使用 awk 有效解析 CSV 的最可靠方法是什么? [英] What's the most robust way to efficiently parse CSV using awk?

查看:30
本文介绍了使用 awk 有效解析 CSV 的最可靠方法是什么?的处理方法,对大家解决问题具有一定的参考价值,需要的朋友们下面随着小编来一起学习吧!

问题描述

这个问题的目的是提供一个规范的答案.

The intent of this question is to provide a canonical answer.

给定一个可能由 Excel 或其他工具生成的 CSV 文件,其中包含嵌入式换行符、嵌入式双引号和空字段,例如:

Given a CSV as might be generated by Excel or other tools with embedded newlines, embedded double quotes and empty fields like:

$ cat file.csv
"rec1, fld1",,"rec1"",""fld3.1
"",
fld3.2","rec1
fld4"
"rec2, fld1.1

fld1.2","rec2 fld2.1""fld2.2""fld2.3","",rec2 fld4

有效地使用 awk 来识别单独的记录和字段的最健壮的方法是什么:

What's the most robust way efficiently using awk to identify the separate records and fields:

Record 1:
    $1=<rec1, fld1>
    $2=<>
    $3=<rec1","fld3.1
",
fld3.2>
    $4=<rec1
fld4>
----
Record 2:
    $1=<rec2, fld1.1

fld1.2>
    $2=<rec2 fld2.1"fld2.2"fld2.3>
    $3=<>
    $4=<rec2 fld4>
----

因此它可以在 awk 脚本的其余部分内部用作那些记录和字段.

so it can be used as those records and fields internally by the rest of the awk script.

有效的 CSV 应符合 RFC 4180 或可以生成通过 MS-Excel.

A valid CSV would be one that conforms to RFC 4180 or can be generated by MS-Excel.

解决方案必须容忍记录的结尾只是 LF ( ),这是典型的 UNIX 文件,而不是 CRLF ( ) 作为标准需要和 Excel 或其他 Windows 工具将生成.它还可以容忍不带引号的字段与带引号的字段混合在一起.它特别不需要容忍使用前面的反斜杠(即 " 而不是 ")转义 " ,因为某些其他 CSV 格式允许 - 如果你有,那么在前面添加一个 gsub(/\"/,"""") 将处理它并尝试处理两个转义自动在一个脚本中的机制会使脚本变得不必要的脆弱和复杂.

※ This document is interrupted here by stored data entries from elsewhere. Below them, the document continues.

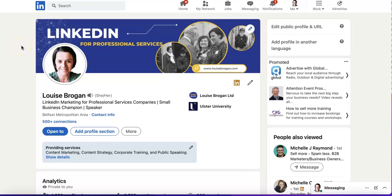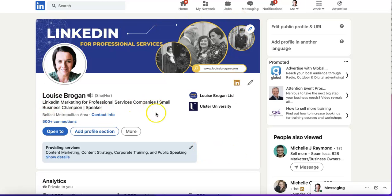How to add a link directly on your introductory card on LinkedIn. We are looking at my profile — here is the introductory card, and you will notice that there are no links on here.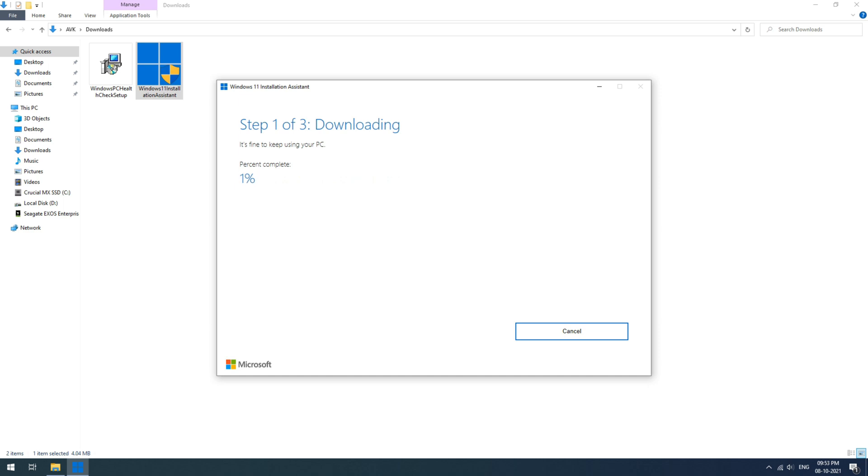After it finishes installing, just click on restart. Your PC will restart to Windows 11. Enjoy!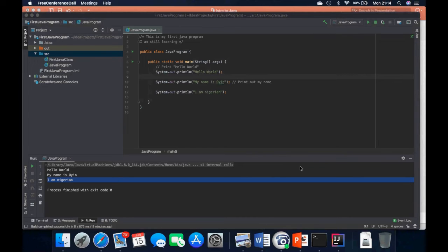Do you need to obey indentation rules in Java? Most of the time I like my code to be as indented as possible because it makes it look appealing and readable. I'll also show some techniques on how to get everything indented at once so you don't have to do it one by one. Can we use Eclipse instead of IntelliJ? Yes you can, but for this Java class and for the automation class we are going to be using IntelliJ.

The solution must tolerate the end of record just being LF ( ) as is typical for UNIX files rather than CRLF ( ) as that standard requires and Excel or other Windows tools would generate. It will also tolerate unquoted fields mixed with quoted fields. It will specifically not need to tolerate escaping "s with a preceding backslash (i.e. " instead of "") as some other CSV formats allow - if you have that then adding a gsub(/\"/,"""") up front would handle it and trying to handle both escaping mechanisms automatically in one script would make the script unnecessarily fragile and complicated.

推荐答案

如果您的 CSV 不能包含换行符或转义双引号,那么您只需要(使用 GNU awk for FPAT):

If your CSV cannot contain newlines or escaped double quotes then all you need is (with GNU awk for FPAT):

$ echo 'foo,"field,with,commas",bar' |
    awk -v FPAT='[^,]*|"[^"]+"' '{for (i=1; i<=NF;i++) print i, "<" $i ">"}'
1 <foo>
2 <"field,with,commas">
3 <bar>

否则,适用于任何现代 awk 的更通用、更强大、更便携的解决方案是:

Otherwise, though, the more general, robust, portable solution that will work with any modern awk is:

$ cat decsv.awk
function buildRec(      i,orig,fpat,done) {
    $0 = PrevSeg $0
    if ( gsub(/"/,"&") % 2 ) {
        PrevSeg = $0 RS
        done = 0
    }
    else {
        PrevSeg = ""
        gsub(/@/,"@A"); gsub(/""/,"@B")            # <"x@foo""bar"> -> <"x@Afoo@Bbar">
        orig = $0; $0 = ""                         # Save $0 and empty it
        fpat = "([^" FS "]*)|("[^"]+")"         # Mimic GNU awk FPAT meaning
        while ( (orig!="") && match(orig,fpat) ) { # Find the next string matching fpat
            $(++i) = substr(orig,RSTART,RLENGTH)   # Create a field in new $0
            gsub(/@B/,""",$i); gsub(/@A/,"@",$i)  # <"x@Afoo@Bbar"> -> <"x@foo"bar">
            gsub(/^"|"$/,"",$i)                    # <"x@foo"bar">   -> <x@foo"bar>
            orig = substr(orig,RSTART+RLENGTH+1)   # Move past fpat+sep in orig $0
        }
        done = 1
    }
    return done
}

BEGIN { FS=OFS="," }
!buildRec() { next }
{
    printf "Record %d:
", ++recNr
    for (i=1;i<=NF;i++) {
        # To replace newlines with blanks add gsub(/
/," ",$i) here
        printf "    $%d=<%s>
", i, $i
    }
    print "----"
}

.

$ awk -f decsv.awk file.csv
Record 1:
    $1=<rec1, fld1>
    $2=<>
    $3=<rec1","fld3.1
",
fld3.2>
    $4=<rec1
fld4>
----
Record 2:
    $1=<rec2, fld1.1

fld1.2>
    $2=<rec2 fld2.1"fld2.2"fld2.3>
    $3=<>
    $4=<rec2 fld4>
----

以上假设 的 UNIX 行结尾.使用 Windows 行结尾,它比换行符"简单得多.每个字段内实际上只是换行符(即 s),因此您可以设置 RS= "(使用 GNU awk 进行多char RS),然后字段中的 不会被视为行尾.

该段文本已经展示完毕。